• Task statement: I'd ask you to write out the lines below exactly, with no images.

• Source material:
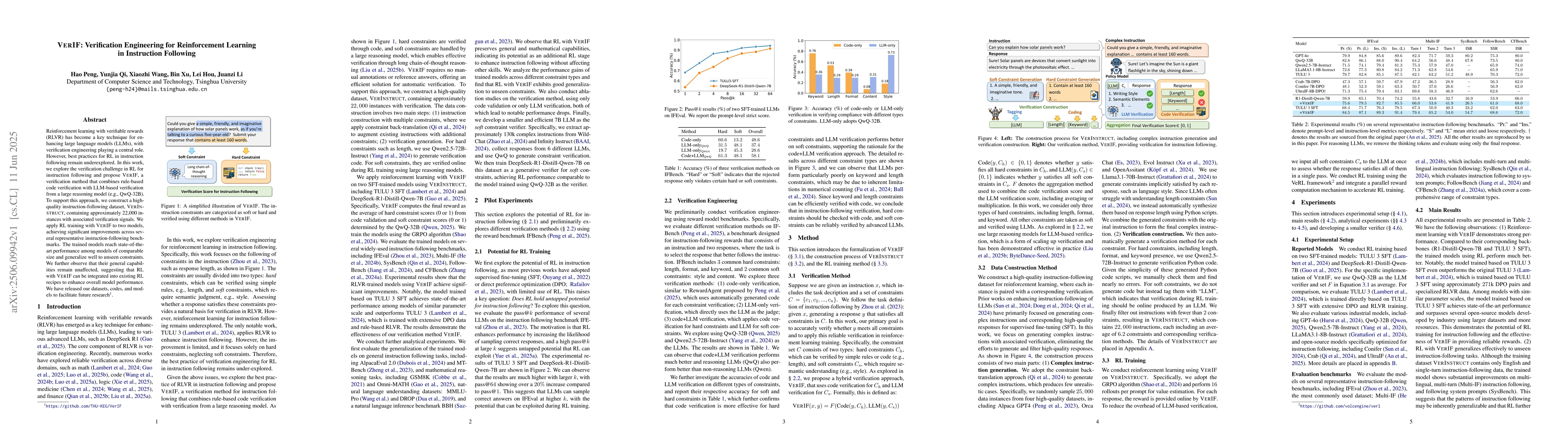 Thumbnail for VerIF: Verification Engineering for Reinforcement Learning in
  Instruction Following
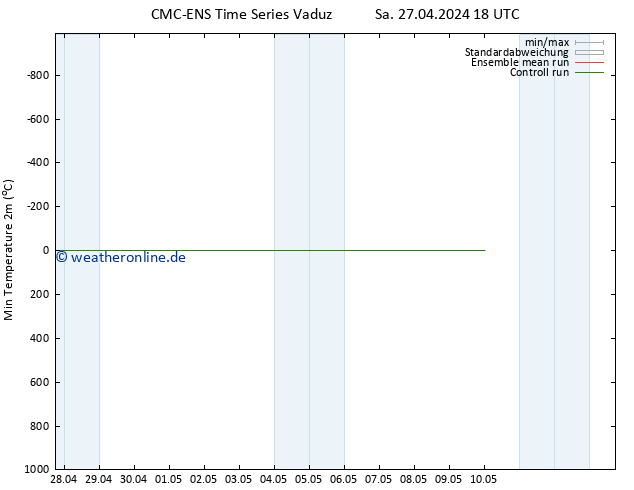 Tiefstwerte (2m) CMC TS So 28.04.2024 00 UTC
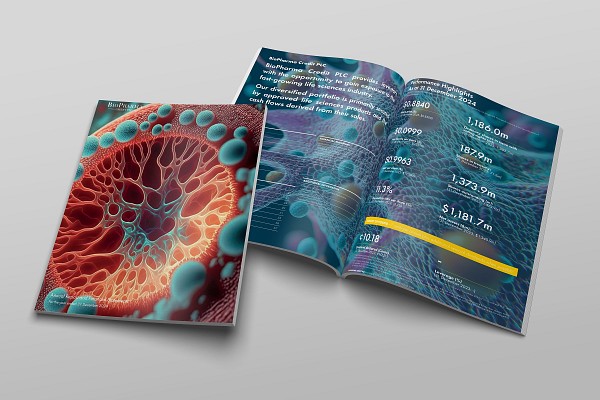 Biopharma Credit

• Task result:
 Thumbnail for VerIF: Verification Engineering for Reinforcement Learning in
  Instruction Following
 Tiefstwerte (2m) CMC TS So 28.04.2024 00 UTC
 Biopharma Credit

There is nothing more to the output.